Reply with one number, the count of lines below that contain the string "small".

*Stored data:*
# # # # #

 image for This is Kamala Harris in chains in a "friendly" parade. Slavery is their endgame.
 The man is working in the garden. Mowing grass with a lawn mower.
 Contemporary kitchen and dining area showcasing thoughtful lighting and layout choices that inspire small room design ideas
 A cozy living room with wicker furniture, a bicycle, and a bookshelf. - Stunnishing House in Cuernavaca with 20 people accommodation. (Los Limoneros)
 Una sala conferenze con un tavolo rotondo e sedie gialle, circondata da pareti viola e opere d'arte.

# # # # #

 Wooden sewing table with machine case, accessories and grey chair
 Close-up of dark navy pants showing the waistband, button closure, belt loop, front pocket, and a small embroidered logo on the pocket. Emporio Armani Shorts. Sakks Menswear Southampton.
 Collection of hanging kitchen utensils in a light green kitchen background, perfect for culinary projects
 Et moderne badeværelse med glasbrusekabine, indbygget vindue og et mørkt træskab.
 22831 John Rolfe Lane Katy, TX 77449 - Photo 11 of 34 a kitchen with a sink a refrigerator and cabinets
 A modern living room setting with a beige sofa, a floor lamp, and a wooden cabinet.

# # # # #

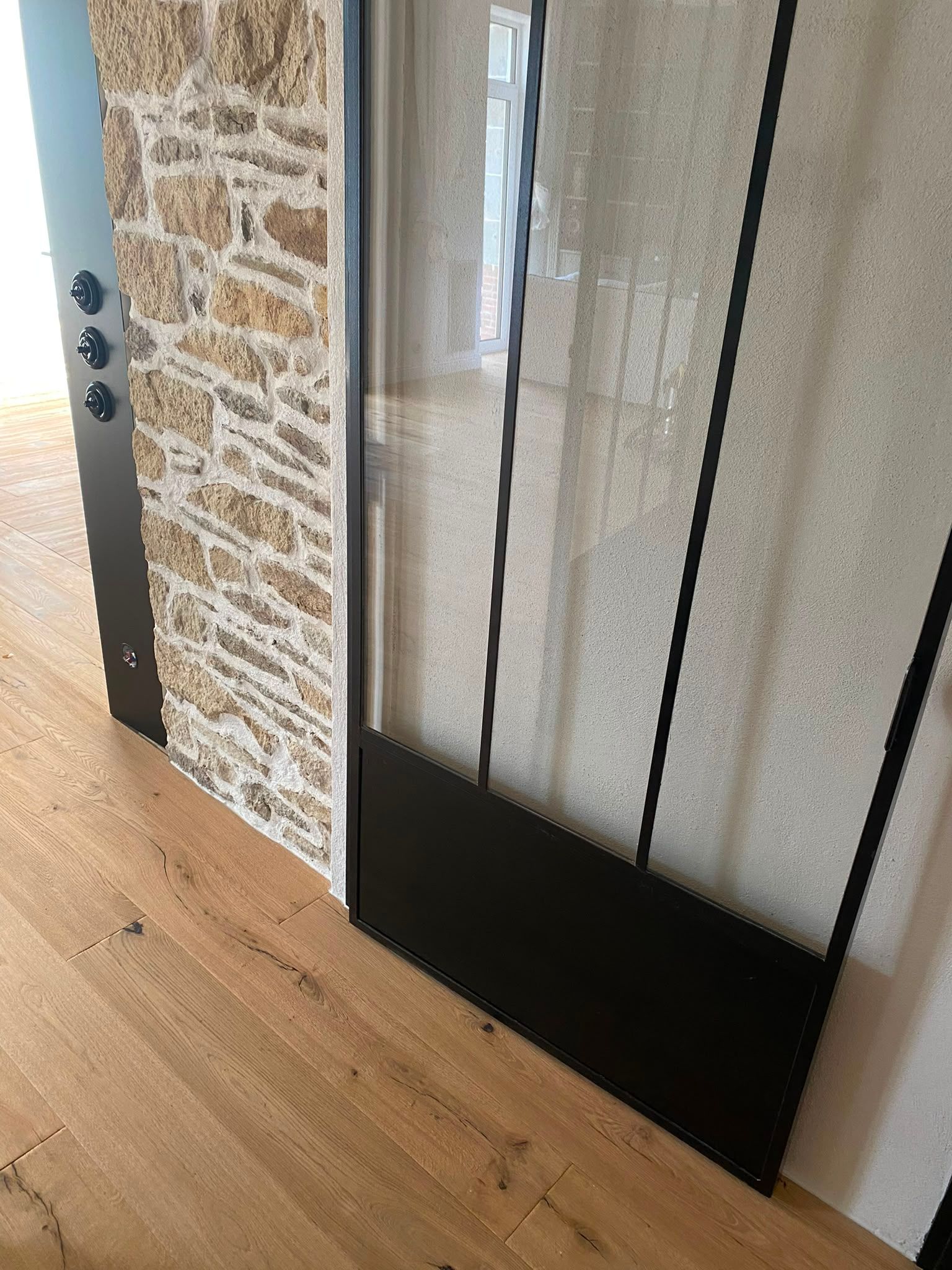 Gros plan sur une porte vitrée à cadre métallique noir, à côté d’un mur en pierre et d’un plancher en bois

# # # # #

*Response:*
2